Zephaniah 3:14-20
5th Sunday after Easter: Choral Evensong
St Barbara’s 01.05.16
Rev Tulo Raistrick
Songs can bubble out of us in unexpected ways.
A sign of happiness is when we find ourselves singing without thinking, maybe when in the shower, or wandering down the street.
Songs can be used at times of defiance. I remember as a trainee teacher and not coping with the unruliness of the classes I was teaching, driving home each evening, playing one particular track over and over again, because it was a song that sang of not getting beaten down, of overcoming the odds. I was in need of the resolve to keep going.
Songs can help us express deep sadness too. I remember in my early twenties attending funeral after funeral in the townships of South Africa, and the songs that were sang around the grave continue to move me to tears to this day.

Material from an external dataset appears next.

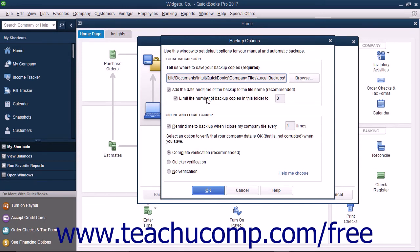The second checkbox, labeled Limit the number of backup copies in this folder too, will limit the number of backup copies within the selected folder to a number that you then enter.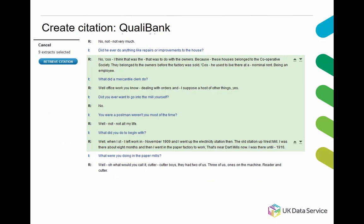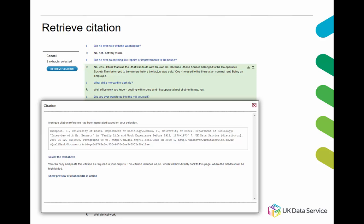You choose the part of the interview that you wish to cite using the up and down arrows to highlight the paragraphs, and then create the citation by using the retrieve citation link on the left hand side. This results in a citation ready in the correct format for you to copy and paste. You can select the citation text by using the link 'select the text above', which is available below the citation text.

Have a think. I wonder what songs provide the soundtrack to the story of your life. Which songs bring memories flooding back? Which songs bubble up in you when happy? Which songs do you turn to when sad?
Music has that effect on us. I was struck last week listening to Radio Five Live that a number of listeners had phoned in to request the station to stop playing music tributes to Prince. They could cope with news reports of his death, but the listening to his music proved too emotional for some.
Well, our reading from the prophet Zephaniah in the Old Testament is further testimony to the power of song.
The prophet calls out: “Sing, O Daughter of Zion; shout aloud, O Israel! Be glad and rejoice with all your heart!” The people are summoned to exuberant praise: sing… shout aloud… rejoice…! And to do so “with all their heart”.
And the Psalmist exhorts us in Psalm 47 to: “Clap your hands together, all ye people: O sing unto God with the voice of melody… O sing praises, sing praises unto our God: O sing praises, sing praises unto our King.”
In both cases, there is cause for rejoicing. There is the promise that God will transform disaster into salvation. In Zephaniah, the message of the prophet up to this point has been one of desolation – the disaster that is to come upon the people of Israel, in the form of the Babylonian Empire that will shortly come crashing down upon them. But in the midst of that is the hope that God will not forget them. He will save them. There is hope. And that hope is worth celebrating, and celebrating in song.
And for the Psalmist, writing at a different time in Israel’s history, he is able to celebrate the crowning of a king of Israel, or the anniversary of their coronation, which is the occasion on which this Psalm would have first been sung, whilst looking forward to the coming of a greater King: “For God is the King of all the earth: sing ye praises with understanding.”
As with the people of Israel, the soundtrack to our lives should be filled with the songs of thanksgiving to God, for what he has done and for what he promises to do in our lives.
I wonder how many of the songs that we sing when moved by joy, or sadness, by hope or despair, are those songs that sing of God.
But it is not just us who sing. In a wonderful window into the nature of God, the prophet Zephaniah tells us: “God will take great delight in you, he will quiet you with his love, he will rejoice over you with singing.” God sings too. It is a wonderful picture. Maybe our desire to sing, to make music, reflects that, made in God’s image, we want to do as God does.
And the song he sings over us is that of love. If you’ve ever held a baby in your arms, you may have found yourself instinctively humming or singing to them, especially if they are distressed. This is the image here. God sings over us, with love and compassion.
Extraordinary though it may seem, God takes delight in each one of us. He sings over us with a melody full of love.
And it is his song of love that ultimately provides the soundtrack to all our lives. Let us listen well to hear it.